I came across a page from Elliott Sound Productions describing various VCA circuit designs. I found most of their circuits to be fairly complicated, and I didn't really understand how a lot of them worked. Then I came across their circuit using an LED pointing at a photoresistor. It's fairly straightforward, and I fully understood how each component was used, so I felt confident in trying to build it.

My initial tests with this VCA circuit had some great results, so I added some components to measure the audio voltage. This is the circuit I ended up with:

Components D1, C2, and R5 measure the audio amplitude, and store that as a voltage. That then drives the base of Q1, which turns on the LED. The higher the audio voltage, the more the LED turns on.
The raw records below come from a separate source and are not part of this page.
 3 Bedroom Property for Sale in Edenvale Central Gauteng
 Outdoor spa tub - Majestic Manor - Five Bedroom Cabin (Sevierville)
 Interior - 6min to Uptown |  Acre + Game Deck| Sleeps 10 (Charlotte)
That LED is pointing directly at a photoresistor, whose resistance decreases with more light. It's part of a voltage divider with R2, resulting in the output amplitude being reduced as the input amplitude increases.
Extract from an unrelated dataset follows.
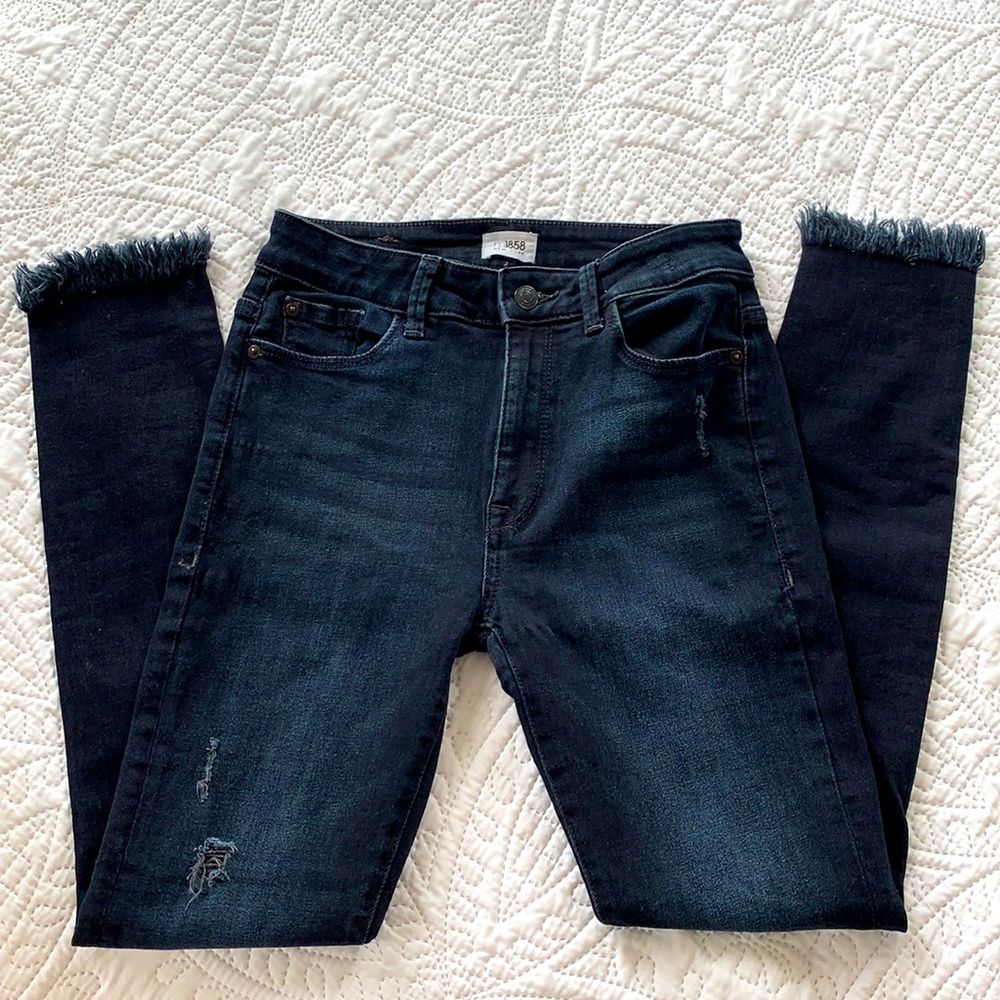 M1858 High Rise Alice Ankle Frayed Ripped Skinny Jean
This resulted in significantly better results than before! At low amplitude (up to 1Vpp), the output matched the input as desired.

As the input voltage increased beyond 1Vpp, the output amplitude remained roughly constant just like I wanted it to! The only problem was a phase shift in the output, but this was caused by C1. I initially added it to AC couple the output, but later realized it was not needed.

Above about 4Vpp, the LED was fully turned on, so the output amplitude started increasing again. But I was content with that, it's still a fairly substantial reduction in amplitude. Time to hook it up to my TV, right?

Well, no so fast. I'd assumed the audio signal between my TV and soundbar would be in the range of 100mV to a few V in amplitude, and I'd be able to tweak some component values to make this circuit compatible. However the signal level was actually on the order of 1mV to 100mV. The BJT driving the LED doesn't even turn on until 0.4V or so. So I figured the simplest solution was to amplify the input signal with an op amp before measuring its amplitude, then the rest of the circuit remains the same.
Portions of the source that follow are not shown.